C. Wawancara Mendalam
Evaluasi dampak kualitatif mencakupi wawancara dengan para pemangku kepentingan di sektor usaha ritel: pedagang pasar tradisional yang terseleksi; pengelola pasar tradisional; pengelola supermarket; pejabat pemerintah terkait di badan-badan perencanaan daerah, dinas industri dan perdagangan, dan dinas pasar; APRINDO; dan APPSI di kabupaten sampel. Secara total, 37 informan kunci diwawancara.
Analisis
Dari hasil pengamatan, ada sebagian pasar tradisional yang terkena dampak supermarket sementara sebagian lainnya tidak. Demikian itu dipengaruhi beberapa faktor yaitu:
Pertama adalah faktor jarak antara pasar tradisional dan supermarket, di mana
pasar tradisional yang berada relatif dekat dengan supermarket, paling banyak terkena dampak.
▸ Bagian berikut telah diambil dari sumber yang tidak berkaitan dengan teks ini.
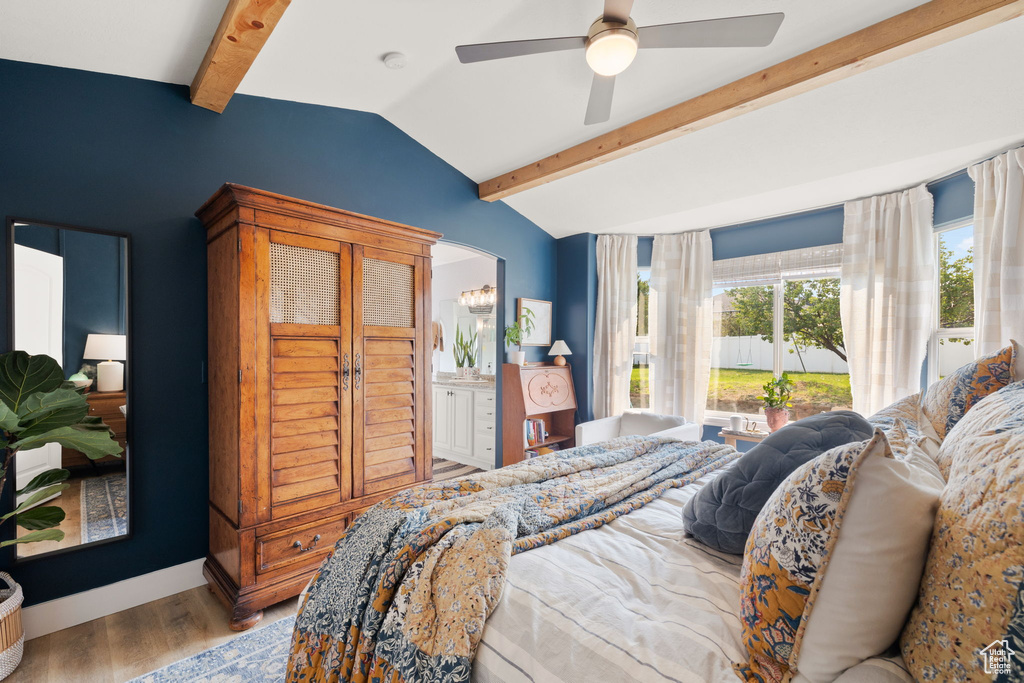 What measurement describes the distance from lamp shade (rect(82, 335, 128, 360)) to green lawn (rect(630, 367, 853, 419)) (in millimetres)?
4147

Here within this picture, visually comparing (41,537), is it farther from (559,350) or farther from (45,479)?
(559,350)

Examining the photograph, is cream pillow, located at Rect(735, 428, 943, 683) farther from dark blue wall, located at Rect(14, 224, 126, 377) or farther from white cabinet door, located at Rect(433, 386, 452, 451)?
white cabinet door, located at Rect(433, 386, 452, 451)

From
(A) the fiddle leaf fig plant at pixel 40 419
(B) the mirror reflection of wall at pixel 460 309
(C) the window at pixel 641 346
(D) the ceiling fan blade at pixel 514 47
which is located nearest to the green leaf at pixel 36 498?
(A) the fiddle leaf fig plant at pixel 40 419

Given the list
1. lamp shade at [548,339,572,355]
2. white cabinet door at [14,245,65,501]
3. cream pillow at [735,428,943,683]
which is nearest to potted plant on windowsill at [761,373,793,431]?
lamp shade at [548,339,572,355]

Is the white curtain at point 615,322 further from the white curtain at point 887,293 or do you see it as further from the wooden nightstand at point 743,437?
the white curtain at point 887,293

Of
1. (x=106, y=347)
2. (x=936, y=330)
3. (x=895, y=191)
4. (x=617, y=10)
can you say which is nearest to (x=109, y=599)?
(x=106, y=347)

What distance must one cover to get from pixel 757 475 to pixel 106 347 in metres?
2.91

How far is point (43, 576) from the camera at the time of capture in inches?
84.7

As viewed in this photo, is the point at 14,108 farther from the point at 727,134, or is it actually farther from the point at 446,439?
the point at 446,439

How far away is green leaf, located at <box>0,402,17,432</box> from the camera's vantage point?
1.74 meters

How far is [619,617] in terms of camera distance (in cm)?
102

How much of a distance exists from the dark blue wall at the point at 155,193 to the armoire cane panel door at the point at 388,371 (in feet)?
2.49

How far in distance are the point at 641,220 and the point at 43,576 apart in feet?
14.9

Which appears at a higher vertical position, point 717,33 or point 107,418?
point 717,33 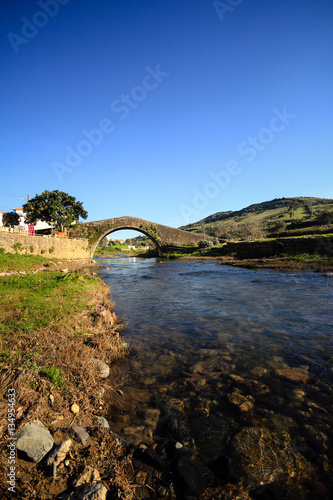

Kedua, faktor yang terpenting adalah karakteristik konsumen pada pasar
tradisional. Pasar tradisional yang pelanggan utamanya dari kalangan kelas menengah ke atas, seperti Pasar Pamoyanan, merasakan dampak yang paling besar akibat kehadiran supermarket. Semakin jauh jarak pasar tradisional ke supermarket, semakin banyak jumlah pegawai yang dipekerjakan oleh pedagang.
Kesimpulan
Umumnya, para pedagang baik pada pasar perlakuan maupun pada pasar kontrol sama sama mengalami kelesuan usaha selama tiga tahun, antara 2003 dan 2006. Dalam wawancara mendalam, para responden mengungkapkan bahwa penyebab utama kelesuan ini adalah lemahnya daya beli pelanggan sebagai akibat lonjakan harga BBM pada 2005 dan peningkatan persaingan dengan PKL yang berjualan di lahan parkir dan area lain di sekitar pasar, dan bahkan menutup pintu masuk pasar. Penyebab ketiga yang terkait dengan kelesuan usaha yang dialami pedagang pasar tradisional adalah supermarket. Hal ini secara khusus ditemukan pada pedagang di pasar kelompok perlakuan. Secara khusus
supermarket telah diidentifikasi sebagai penyebab utama kelesuan usaha para pedagang di Pasar Pamoyanan di Bandung, satu-satunya pasar dalam studi ini yang mayoritas pelanggannya berasal dari rumah tangga kelas menengah dan tidak memiliki masalah dengan PKL.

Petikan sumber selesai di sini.